What Panera Gets From Its $7.5 Billion Sale

Besides money

Ron Shaich, CEO or Panera Bread Company, at a store St. Louis. (Tom Gannam / AP)

After speculation during the first half of the week, Panera Bread Company, a fast casual chain, announced on Wednesday that JAB Holdings Company, a German conglomerate, would purchase it for roughly $7.5 billion. JAB’s reasoning seems staightforward enough: the company has been snapping up coffee chains in the U.S. including Krispy Kreme, Peet’s Coffee & Tea, Stumptown Coffee Roasters, Keurig Green Mountain, and Caribou Coffee. Panera is an expansion of that acquisition spree, as JAB pushes forward from the fast-growing coffee industry into the lunch market. But Panera will get something, other than money, out of the deal too.

The German billionaires that control JAB, the Reimann family, are known for bold business decisions and direct investments. That’s likely something Panera’s management wanted: After the deal closes, Panera will go from a public to private company. Ron Shaich, Panera’s founder and CEO, told CNBC on Wednesday that going private will allow the company to focus on long-term goals, citing a common concern that chasing shareholder returns results in short-term thinking that can plague public companies, including Panera. Economists have even found that some companies avoid going public so corporate management can remain free of such pressures which can undermine a company’s performance in the long term.

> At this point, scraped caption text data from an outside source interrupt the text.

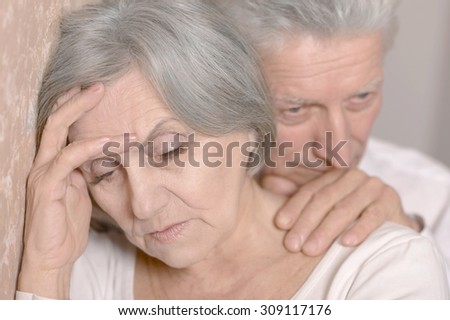 Sad Elderly couple together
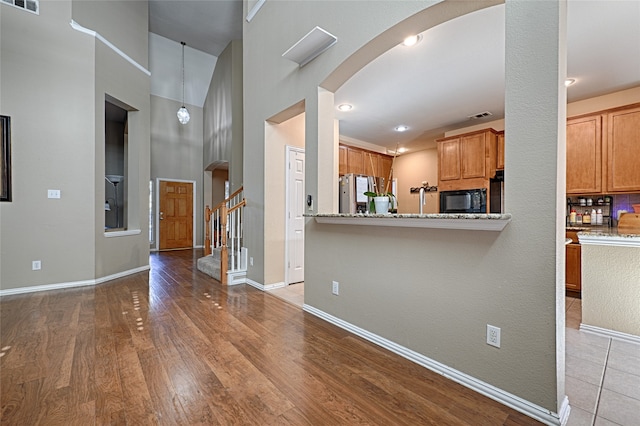 kitchen with light stone countertops, stainless steel fridge, light wood-type flooring, and kitchen peninsula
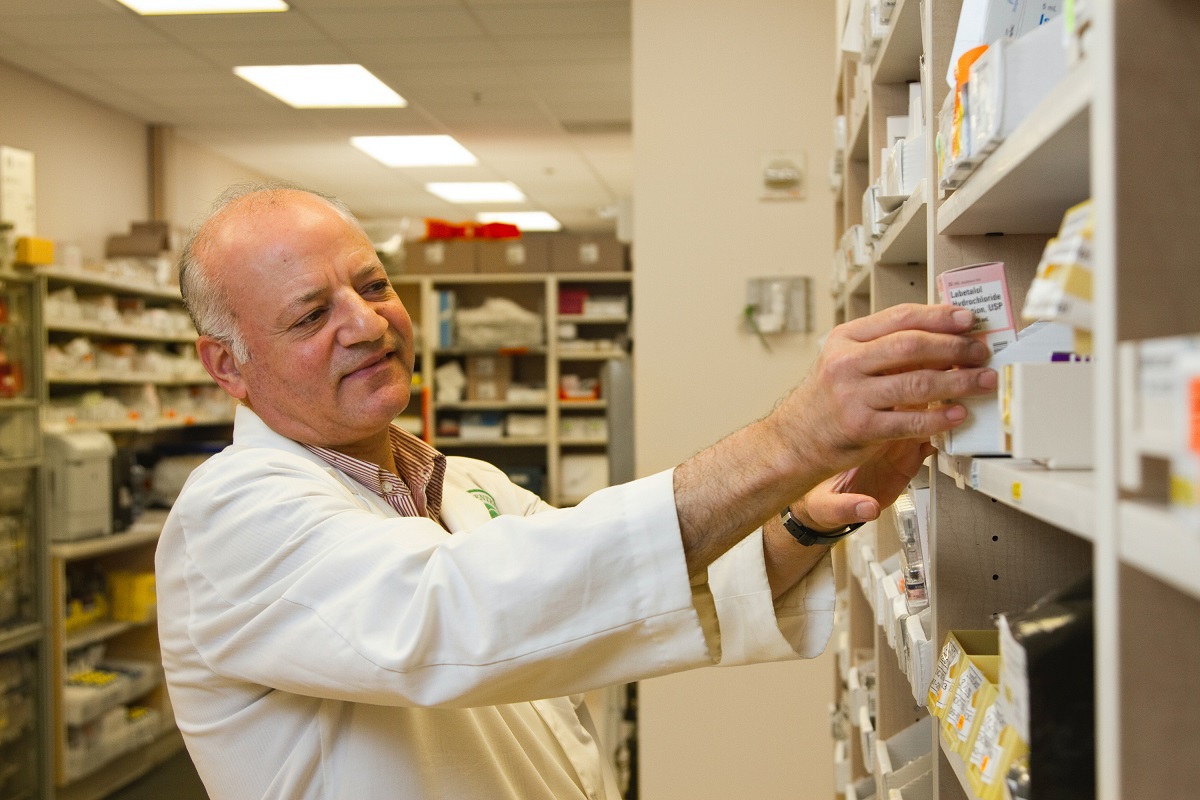 Remédios: Marketing farmacêutico Senhor de jaleco de farmacêutico diante de prateleiras procurando algum remédio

Panera is a Cinderella story in the fast-casual restaurant business: It consistently ranks at the top of the bakery cafe chain category in terms of sales volume, and is considered a leader in the fast-casual restaurant space. With the recent uptick in stock price on the rumor of its impending sale, the stock has gained over 8000 percent in the past 20 years.

Panera’s history includes another well-known cafe bakery chain, Au Bon Pain. Au Bon Pain acquired the Saint Louis Bread Company, in 1993 and rebranded it as Panera (which, according to the company, is a portmanteau for “time for bread” in Latin). Eventually Au Bon Pain was sold, but Ron Shaich, one of the co-founders of Au Bon Pain, spun off the Panera brand and ran it himself. Shaich has said in interviews in the past that he saw Panera as “a gem” in the 1990s. He has since grown the chain to over 2,000 outlets across the U.S.

Part of the Panera’s secret sauce was that it provided casual over-the-counter service that felt upscale. For that, its customers were willing to pay a little more. But it hasn’t all been positive. The past several years have proved difficult, with competition from fast-food chains and casual dining increasing. In 2013, the company’s slow service was criticized and rising costs have also hampered profitability. However, the company excels at things that those in the industry consider forward-thinking: Panera has been successful getting customers to order on mobile, as well as strategically converting some stores into outlets that can handle catering and delivery. Panera has also been a leader in healthy-food initiatives, including pledging not to use any artificial ingredients and being transparent about the sugar content in its drinks.

Investors have long believed in Shaich’s ability to make money from selling lunch. Panera going private could allow for more interesting, and eventually profit-driving, initiatives at the brand. But now, Shaich will be able to operate away from the constant watch of anxious shareholders, and with German billionaires backing his business.